::: Given records

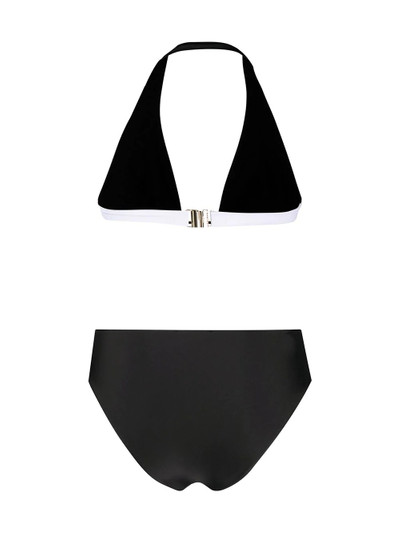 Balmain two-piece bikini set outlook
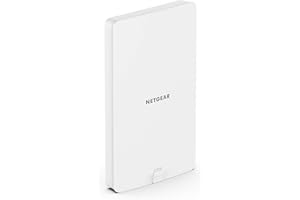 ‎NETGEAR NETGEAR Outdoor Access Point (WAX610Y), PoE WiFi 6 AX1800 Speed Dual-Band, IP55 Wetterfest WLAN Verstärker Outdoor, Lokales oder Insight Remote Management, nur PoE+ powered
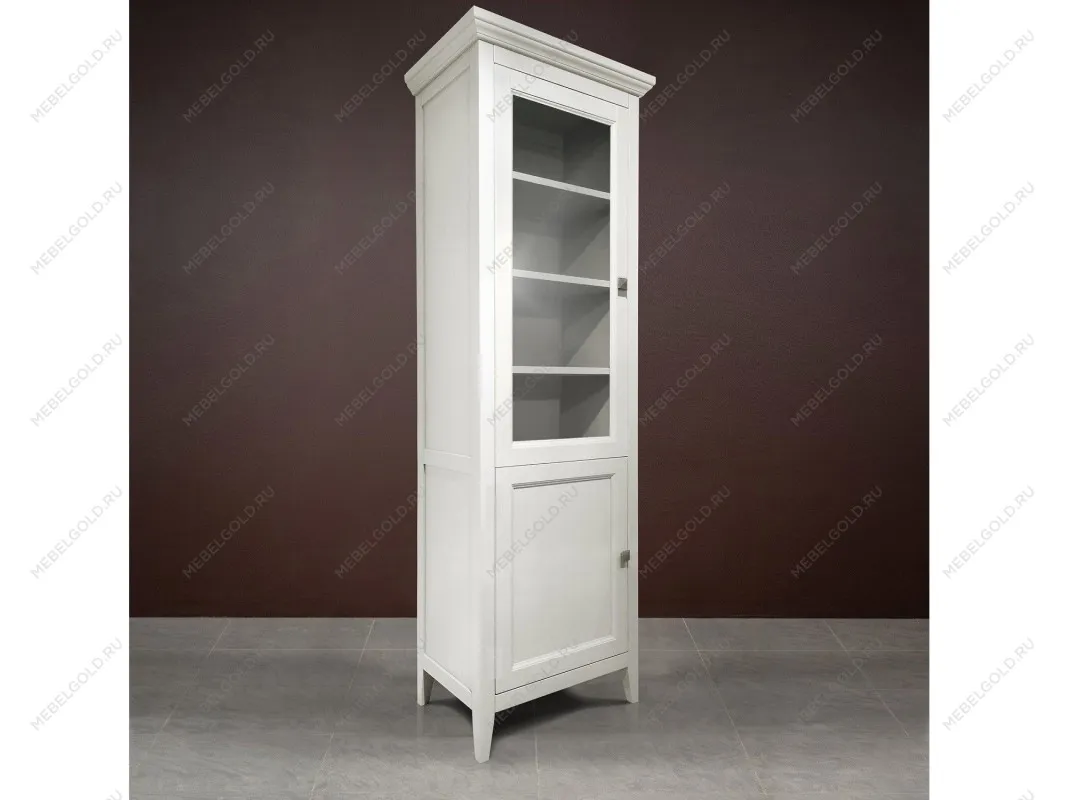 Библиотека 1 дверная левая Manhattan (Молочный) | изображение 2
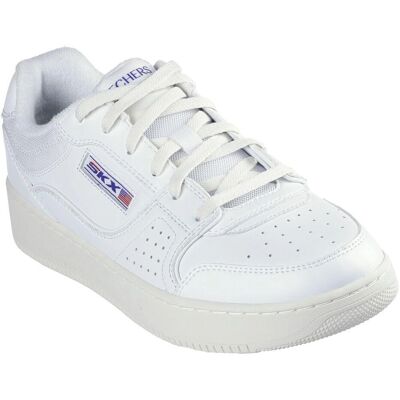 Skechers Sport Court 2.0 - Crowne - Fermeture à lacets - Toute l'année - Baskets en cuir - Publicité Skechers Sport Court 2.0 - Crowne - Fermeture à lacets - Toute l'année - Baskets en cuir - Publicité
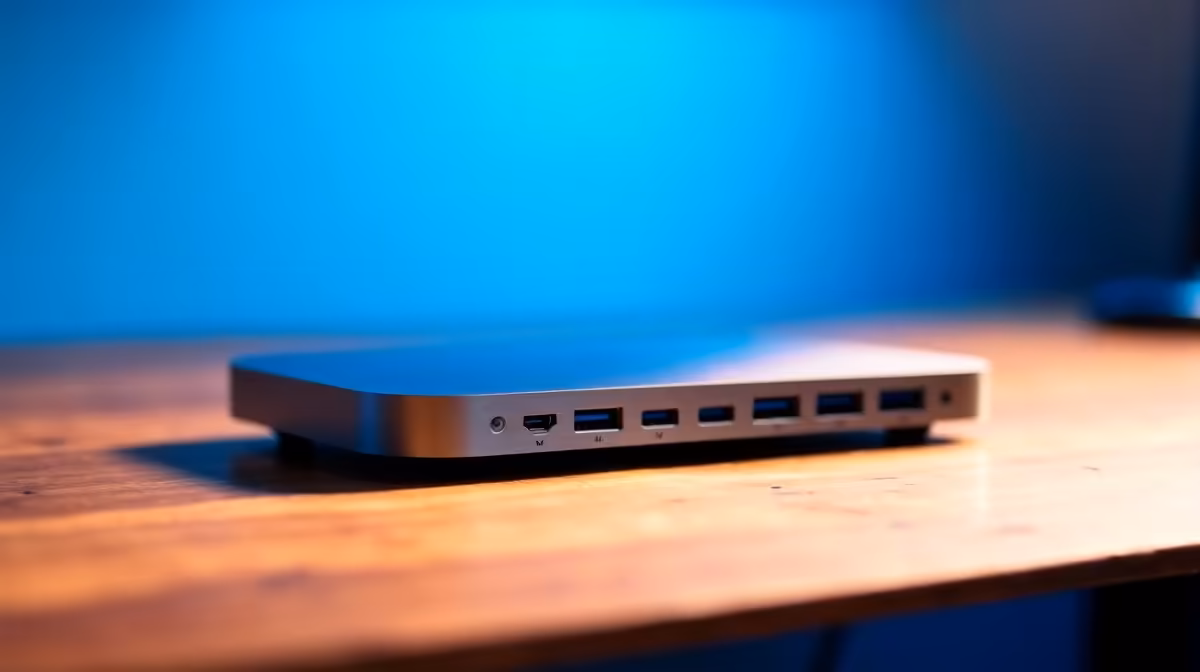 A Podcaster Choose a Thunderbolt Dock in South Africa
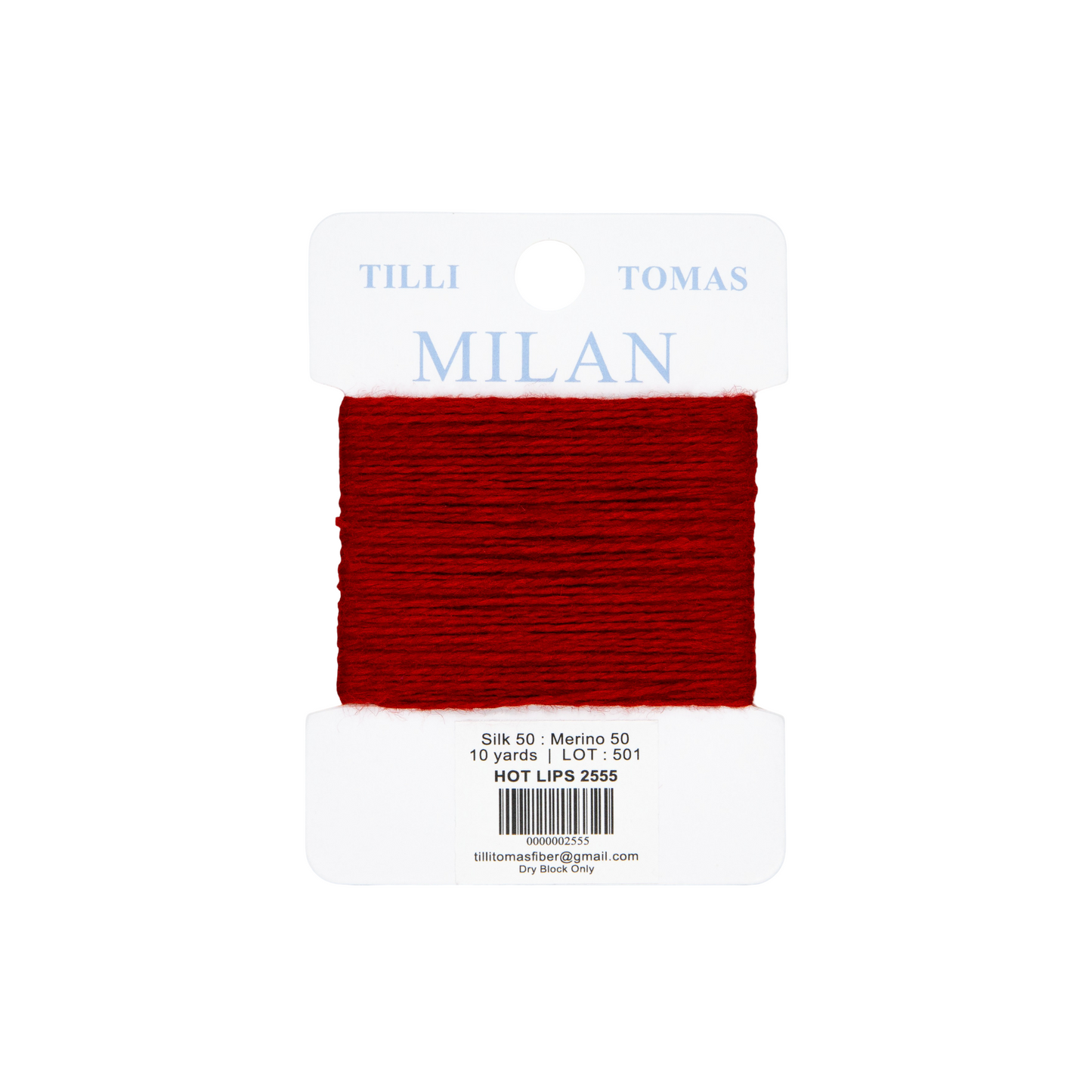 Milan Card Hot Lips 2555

::::::

**Work task:** Find the line that contains "- Publicité Skechers". Copy it and every line after it through the end of the listing exactly, but not the pictures.

**Output:**
 Skechers Sport Court 2.0 - Crowne - Fermeture à lacets - Toute l'année - Baskets en cuir - Publicité Skechers Sport Court 2.0 - Crowne - Fermeture à lacets - Toute l'année - Baskets en cuir - Publicité
 A Podcaster Choose a Thunderbolt Dock in South Africa
 Milan Card Hot Lips 2555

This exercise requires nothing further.